The difference in coaching stems from the nature of the professional game — 82 regular season games plus anywhere from 8 to 28 additional games for pre- and postseason, compared to about 40 in a complete college season — according to Hardaway and Greg Anthony, NBA analyst and former player. Anthony says that coaches at the professional level don’t have time to drill and create habits, and players don’t have the energy or the mental ability to be taught after playing four games in five nights.

“It’s hard to teach a tired athlete — it behooves a lot of young players to have a basic understanding of basketball that allows them to fit into the coach’s style,” says Anthony, who has stated that he thinks players like Kansas’ Joel Embiid should spend more time on campus polishing their game. “At the pro level, men are given instructions and they have the ability, because of their experience, to carry them out.”

Tim Hardaway Jr. and his teammates listen to head coach John Beilein in the locker room during the second round of the NCAA Tournament in 2013.
Simon Bruty/SI

More games on the schedule also translate into less practice time for NBA players.
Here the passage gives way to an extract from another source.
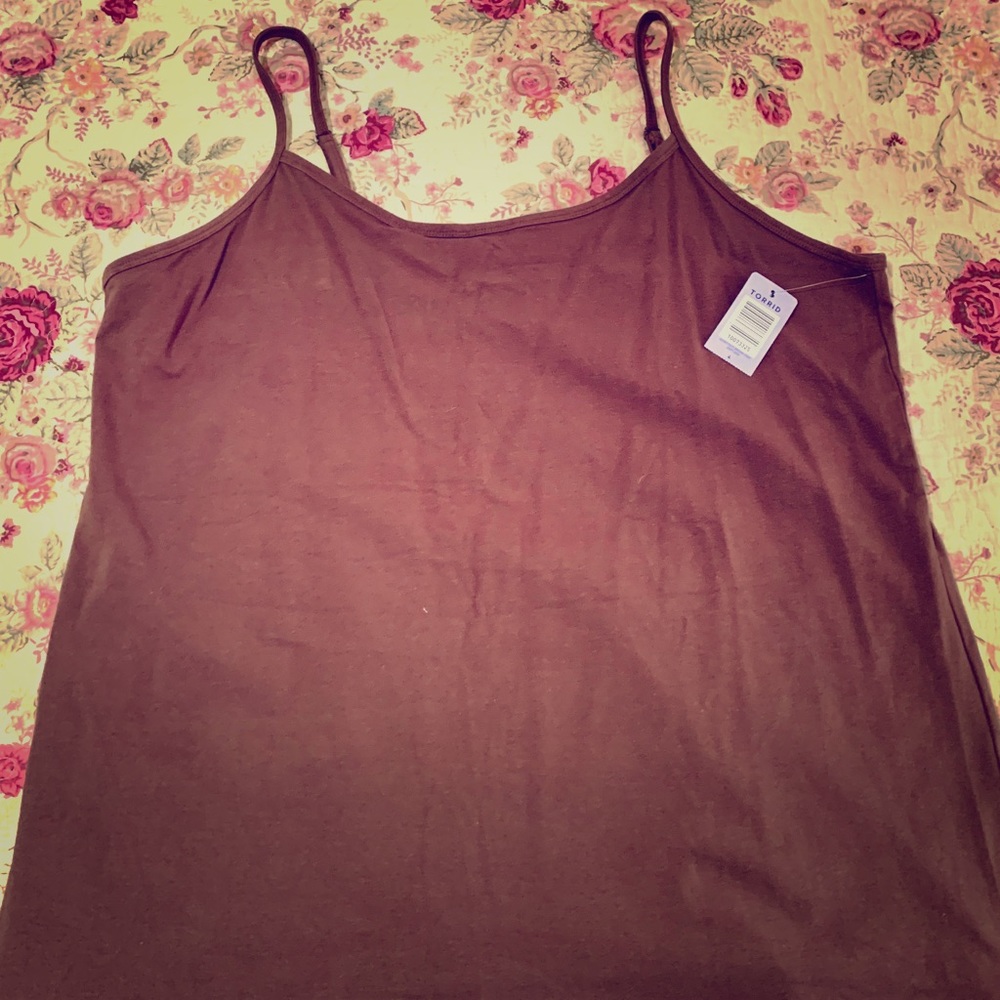 NWT Brown Torrid Camisole Size 4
While college coaches can bring players in for workouts during summer classes, professional players are expected to train on their own during the offseason until mid-September when the team comes together again. Indiana Pacers coach Frank Vogel says that, because of limited practice time during the season, he emphasizes a stronger mental approach and focuses on developing his players through watching film.

“There’s a lot less you can do in terms of individual improvement and repetition because you have to make sure their legs are fresh,” says Vogel. “The pro level more than any other is about having a partnership with your players, managing personalities and taking a bunch of pieces and making them fit together.”

While an NBA coach must manage player personalities, it’s the job of the coaches before him to develop these characteristics. Steve Smith, high school coach at Oak Hill Academy in Mouth of Wilson, Va., has seen such players as Carmelo Anthony and Rajon Rondo come through his program and says that, at this time of the year, he receives quite a few phone calls from NBA scouts and coaches searching for the next young star. “They ask about their character, work ethic and life off of the court more than anything,” he says.

University of Kentucky power forward and projected lottery draft pick Julius Randle works out with trainers at the Michael Johnson Performance Center in preparation for the NBA Draft.
Layne Murdoch/NBAE via Getty Images

In his 15th year as head coach at Notre Dame, Mike Brey says his goal is to see his players improve over four years, both in basketball and in their handling of responsibilities off the court. Because the NBA is drafting a lot of potential in young athletes, Brey says that he thinks there is more of an emphasis on being able to teach the players “the college way,” but that task isn’t always part of the head coach’s role.

“In the pros, the best coaches are great managers of egos and can facilitate things,” Brey says. “The NBA is a players' league and coaches need to be in the background, whereas in college, coaches are the face because players come and go – that’s the difference.”

Under Krzyzewski, who has coached 13 current NBA players (only four of whom stayed through their senior year), Hill says, he learned lessons about thought-processes, approach and the ability to understand game scenarios – fundamental skills he recalled more toward the end of his career, at age 40. “Learning how to play like that is something that I feel has taken a bit of a slip, and it’s because of the path these players are taking before they get to the NBA.”

While players like Duke senior point guard Quinn Cook say team practices also focus on getting better individually, Hardaway says that at the pro level, there are fewer fundamental drills and more maintenance.

“There isn’t as much teaching in the NBA, but there shouldn’t be,” says Anthony. “They don’t teach you in corporate America, right?”